Por tanto, toda obra literaria es una construcción verbal, y las imágenes en un libro están hechas a base de palabras. Y Cien años de soledad, más allá del membrete de realismo mágico, es una de las más espléndidas construcciones verbales de nuestro idioma.
El cine es, en cambio, una construcción hecha en base a imágenes, y la narración que corresponde a las imágenes nunca podrá ser sustituida por las palabras, digamos la voz de un narrador en off, porque esta clase de auxilio viene a ser una especie de rescate de las imágenes, cuando no funcionan. Otra cosa son los diálogos, que cuando en un libro son decisivos por eficaces, pasan íntegros al guion.
Pero aquí hay otra dificultad que Cien años de soledad presenta al guionista: en el libro no hay diálogos. Cuando un personaje habla lo hace con una frase muy rotunda, terminante, y entonces los diálogos hay que inventarlos, lo cual viene a ser un desafío mayúsculo: ponerse a la par del autor.
En una escena del primer capítulo que vimos, la voz en off nos está contando que en los años de fundación de Macondo “el mundo era tan reciente que muchas cosas carecían de nombre, y para nombrarlas había que señalarlas con el dedo”, mientras un niño desnudo, José Arcadio Buendía, recibe unas frutas de una vecina para que los lleve a Ursula Iguarán, su madre. Sabemos que son corozos por una mención de la vecina, o de la madre; pero es el momento en que las cosas no tenían nombre, con lo que se impone aquí es el silencio. La palabra la tiene la imagen, si aún no hay palabras.

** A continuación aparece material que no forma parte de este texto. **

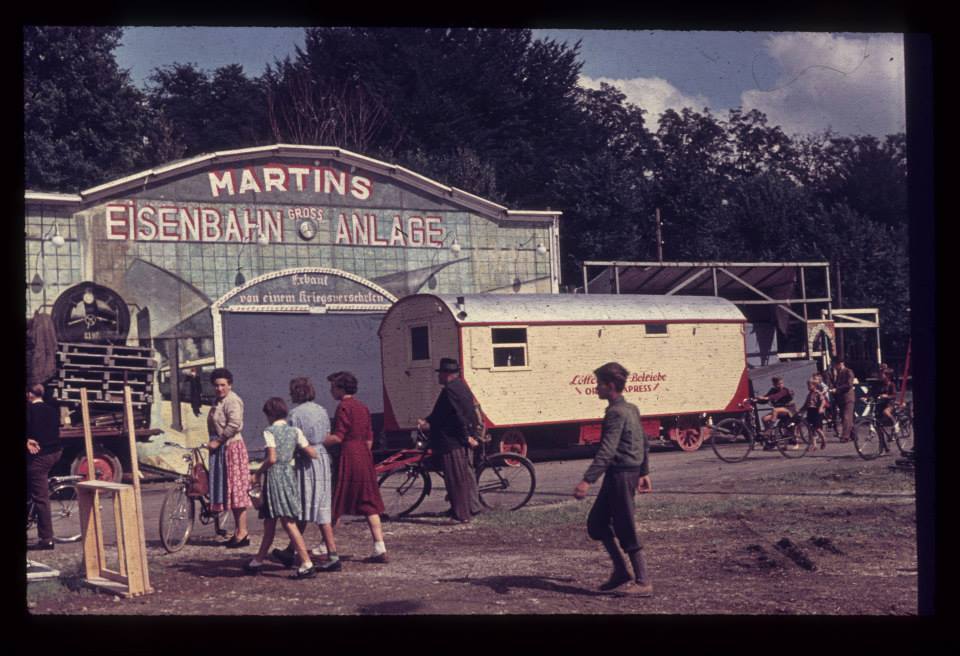 Martins- Eisenbahnanlage- auch eine große Attraktion auf dem Rosenheimer Herbstfest im Jahr 1954. Foto: Archiv Herbert Borrmann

Por el diálogo que siguió a la proyección nos enteramos de que la voz en off que narra es la de Aureliano Babilonia, el último de los Buendía; pero son las palabras de García Márquez, una interposición textual de la novela que fuerza a las imágenes a convertirse en una ilustración de la narración; dificultad agregada, porque la voz literal del autor se vuelve un pie de amigo que no deja a las imágenes hablar por sí solas.
El primero en desconfiar de que sus novelas pudieran ser eficaces en el cine fue el propio García Márquez, que vio como no cuajaban los buenos intentos con las versiones filmadas de otros libros suyos, y temía que la tentativa con Cien años de soledad no curara su escepticismo.
Es muy temprano saberlo con esta serie antes de terminar de ver los 16 capítulos de que consta, y ojalá, como se nos anunció al final del pase, cada uno de ellos sea mejor que el otro.